Penangkapan dilakukan setelah tersangka tidak memenuhi panggilan pemeriksaan oleh penyidik OJK. Upaya pengamanan ini merupakan hasil sinergi tim gabungan yang terdiri dari Penyidik OJK, Korwas PPNS Bareskrim Polri, serta Direktorat Reserse Siber Polda Jawa Timur pada 9–10 Maret 2026.
Berdasarkan hasil pemantauan, tersangka yang sebelumnya dijadwalkan menjalani pemeriksaan di Surabaya terdeteksi bergerak menuju Jakarta. Saat tiba di Stasiun Gambir, tersangka langsung diamankan oleh tim Korwas PPNS Bareskrim Polri.
Selanjutnya, tersangka dibawa kembali ke Surabaya untuk menjalani pemeriksaan oleh penyidik OJK. Setelah proses pemeriksaan, tersangka ditahan di Polda Jawa Timur sesuai dengan ketentuan yang berlaku.
Selain mengamankan tersangka, tim gabungan juga melakukan upaya membawa sejumlah saksi yang tidak memenuhi panggilan pemeriksaan. Langkah tersebut dilakukan guna mendukung kelancaran proses penyidikan.

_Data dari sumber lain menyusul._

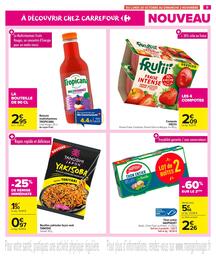 Catalogue Carrefour Market page 9
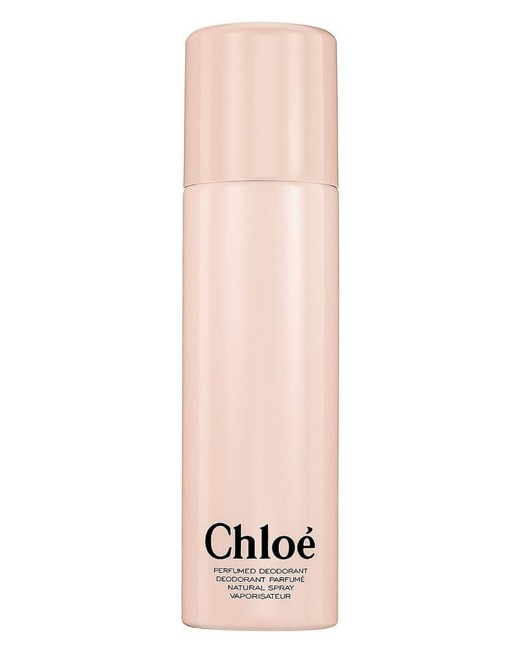 Chloé - Signature Deodorant Spray 100 ml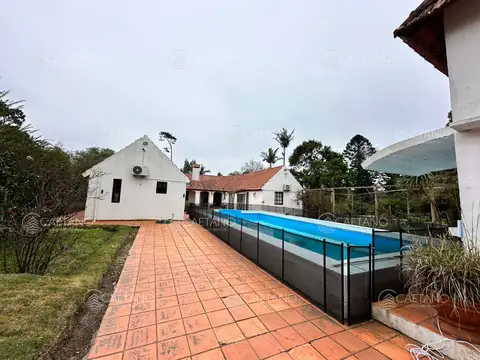 Casa en Alquiler Temporal en Golf, USD 15.000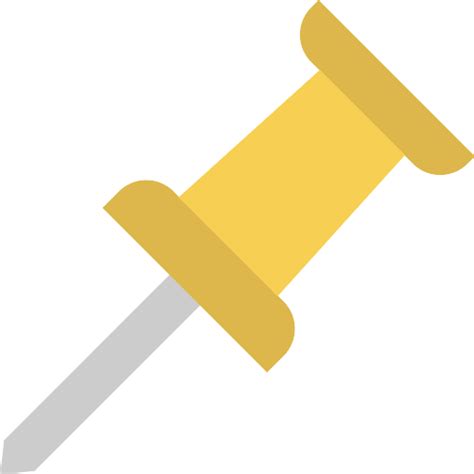 Push Pin Icon 的图像结果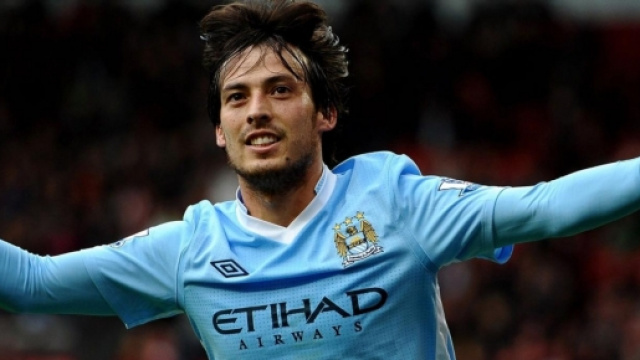 david silva alla juve?tutti  i dettagli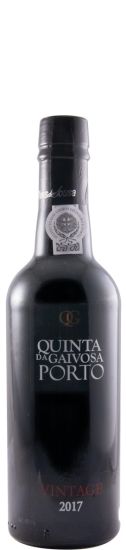 2017 Quinta da Gaivosa Vintage Porto 37,5cl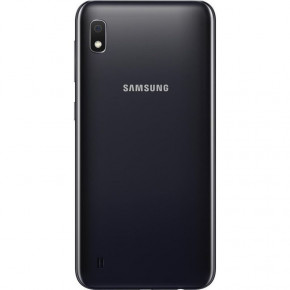  Samsung Galaxy A10 2019 2/32GB Black (SM-A105FZKGSEK) *EU 8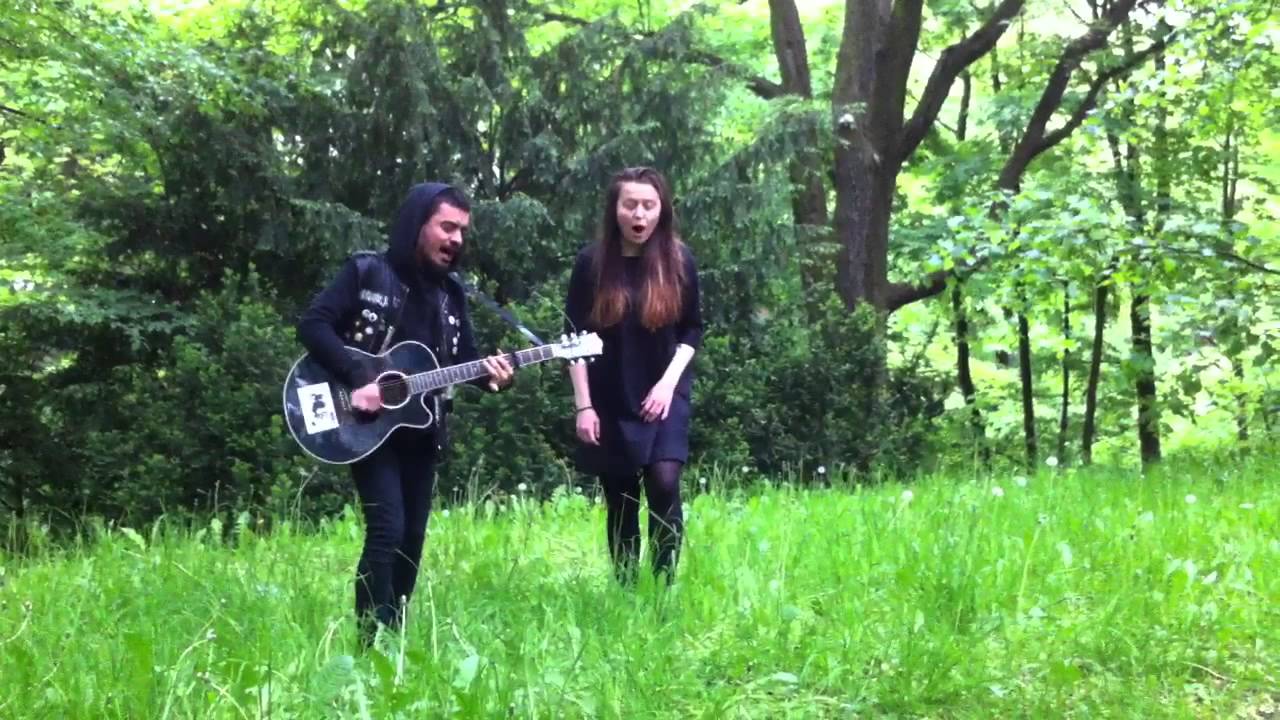 Old Trees - Woodland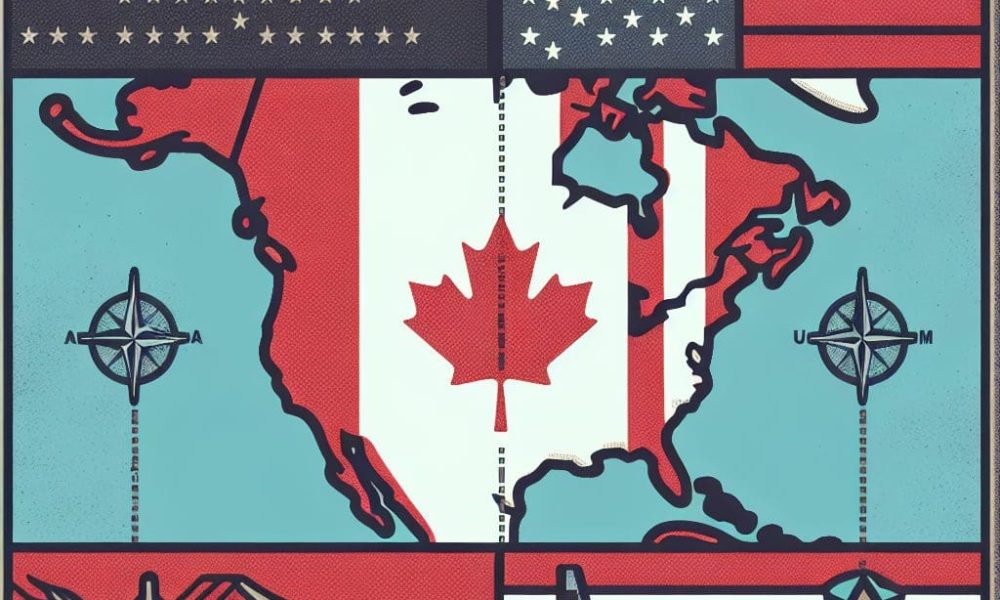 National Defence Clarifies that Canadians on U.S. Exchange Are Not Deployed to the Gulf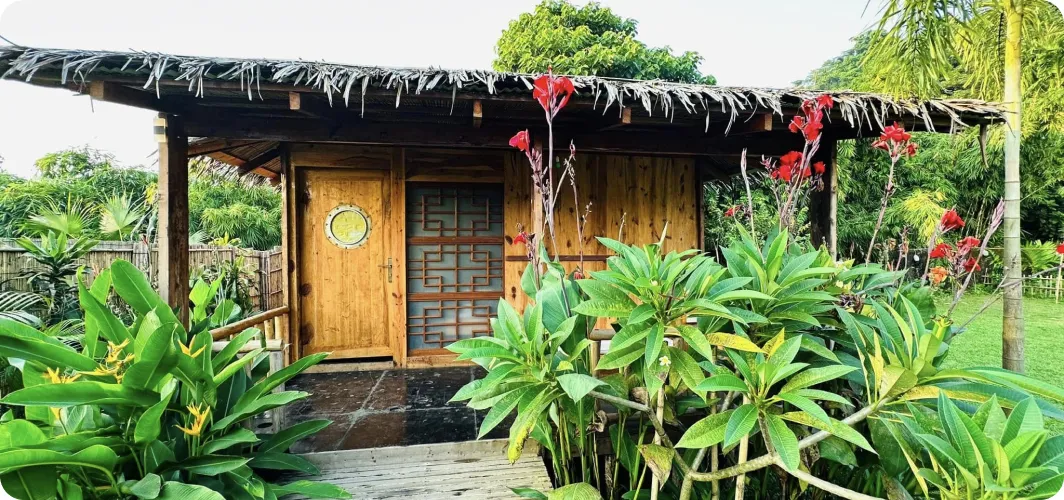 Senbo Eco Resort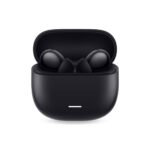Redmi Buds 5C Bluetooth Tws In Ear Earbuds, Up To 40Db Hybrid Noise Cancellation, Quad Mic, Custom Eq, 10Mins Charge For 2Hours Life, Up To 36Hrs Playback, Gaming Tws| Acoustic Black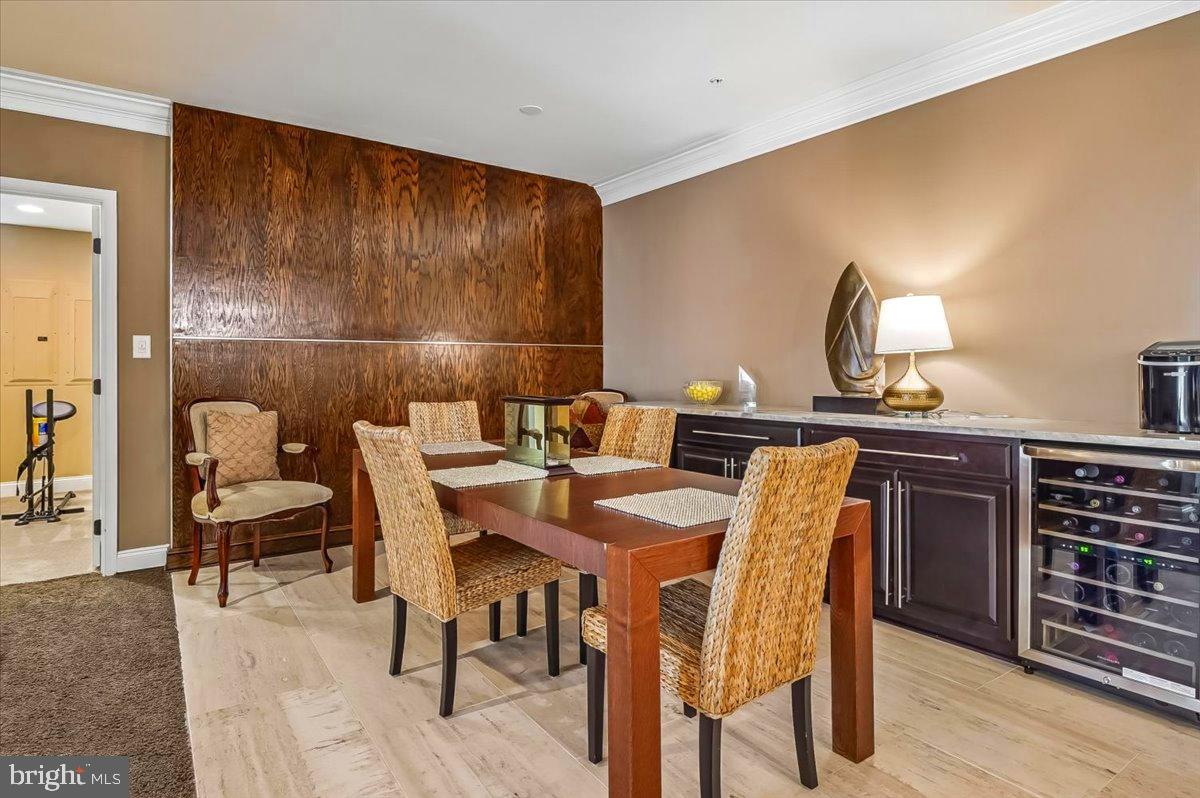 OAK CREEK CLUB - Residential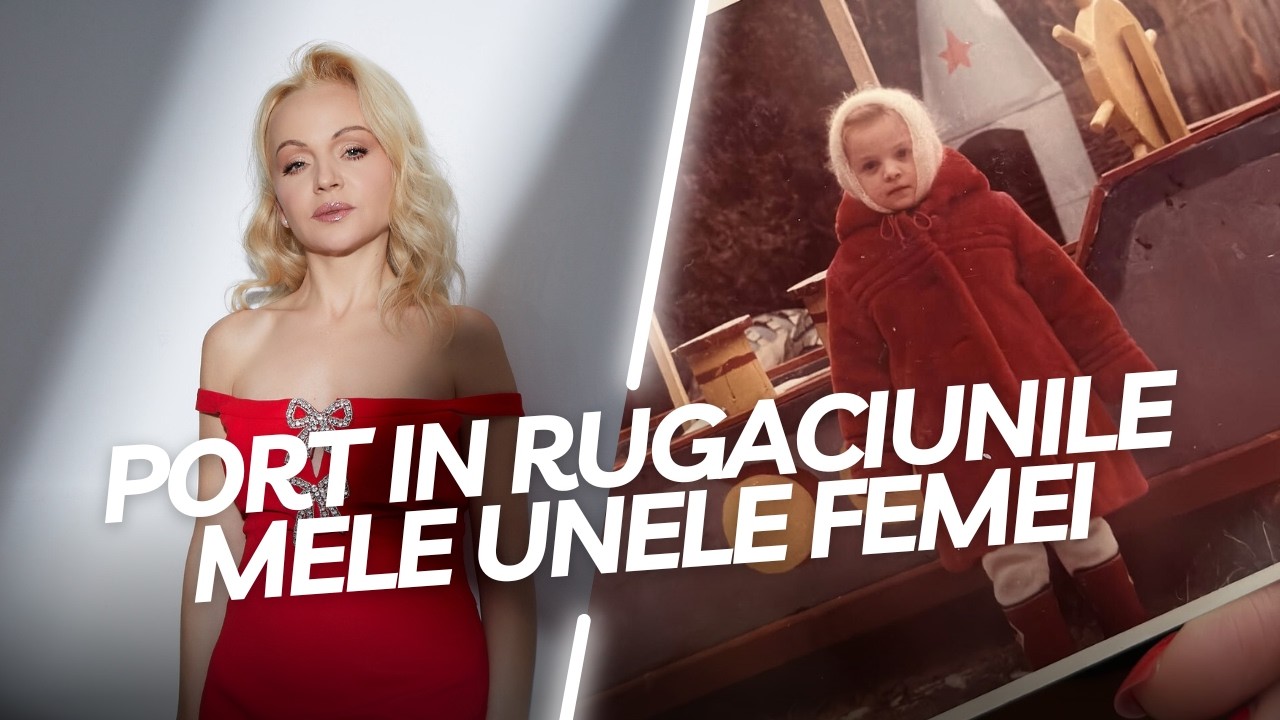 Părinții noștri au confundat iubirea cu posesia ⏐ 8 Martie – La mulți ani, femei!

OJK menyatakan bahwa pelaksanaan upaya paksa oleh Korwas PPNS Bareskrim Polri dilakukan atas permintaan penyidik OJK sesuai dengan ketentuan peraturan perundang-undangan. Hal ini sekaligus mencerminkan penguatan koordinasi antar lembaga dalam penegakan hukum di sektor jasa keuangan.
OJK turut mengapresiasi dukungan dan kerja sama Polri, khususnya Korwas PPNS Bareskrim Polri dan Direktorat Reserse Siber Polda Jawa Timur, dalam proses membawa, menangkap, dan menahan tersangka.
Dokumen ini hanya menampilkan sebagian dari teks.